Name: Bethany Bijonowski
Nationality: United States
University: Northern Illinois University
Degree: French/Spanish Translation
Occupation: Tutor at Northern Illinois University
Languages spoken: English, French (advanced) and Spanish (advanced)
Past travel experience: Moderate
Volunteer Abroad: Teaching English, French or Spanish in Rabat, Morocco
Duration: 4 weeks
Start month: May 2015
Claim to fame: Last summer Bethany volunteered Peru where she taught English to schoolchildren.
Why did you decide to become a UBELONG volunteer?
Traveling is such an important part of life, but I didn’t want to be just another tourist. I love the idea of giving back to place and getting involved in the community. I think that the only way to truly understand a culture is to completely adopt it, and the only way to do that is to get involved. I chose UBELONG specifically because I had read excellent reviews of the programs and previous volunteers had felt like they were really making a difference. Having completed my journey with UBELONG, I count myself among those who had an excellent experience.

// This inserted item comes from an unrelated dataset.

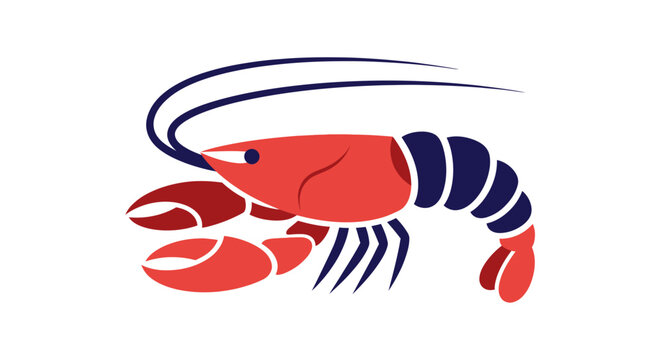 Red Lobster Illustration with Blue Stripes.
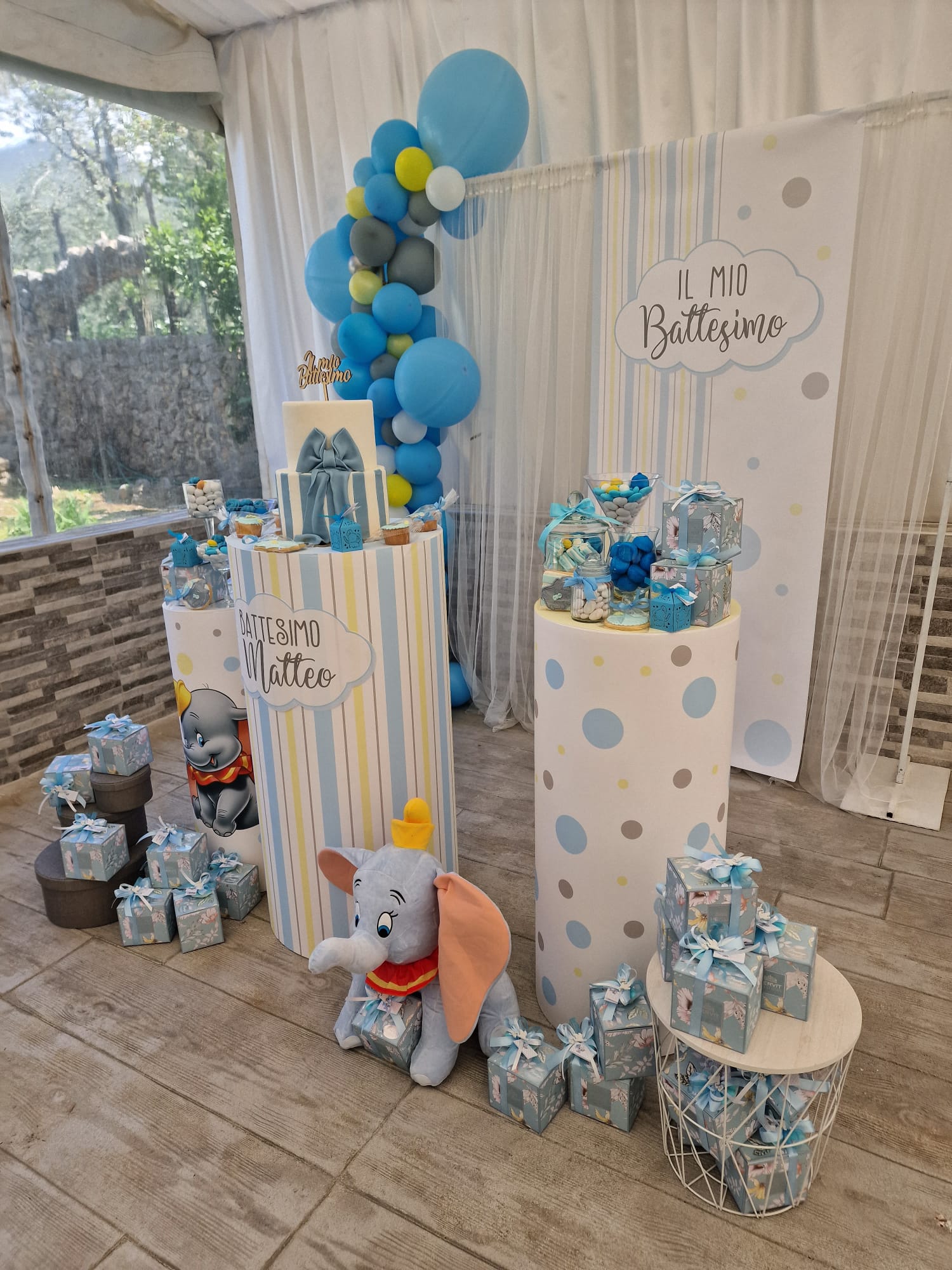 allestimento per il battesimo di un bambino presso Tenuta Olivia 87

What is your favorite memory?
I had so many awesome experiences in Morocco it’s difficult to chose just one. I was fortunate enough to be able to travel on weekends so I got a taste of the country as a whole. I loved visiting the cedar forest in Azrou and I definitely recommend it to animal lovers! Surprisingly, there’s a large troop of rather mischievous monkeys who demand to be fed peanuts. I was also able to go on a camel ride through the Sahara and it was one of the most amazing things I have ever done. I thought seeing the sun set in the dunes was incredible but seeing the sky full of stars afterward took my breath away.
Tell me about somebody you met who impressed you?
Everywhere I turned I was impressed by people. I was surrounded by people who had started their own non for profits because they wanted to see change in their country. I was most impressed by the lady who ran my project, a non-profit dedicated to providing kindergarten classes for families that cannot afford it on their own, so that these kids don’t fall behind when they enter mainstream schools.
What did you think about the food?
The food was indescribable. Between the mint tea and the tagine I was in heaven. I don’t think I encountered one dish that I didn’t like. There are a bunch of differences between Moroccan and western cuisine and eating habits and it shows how much more important food and family time is in the Moroccan culture. It brings everyone together to share one plate!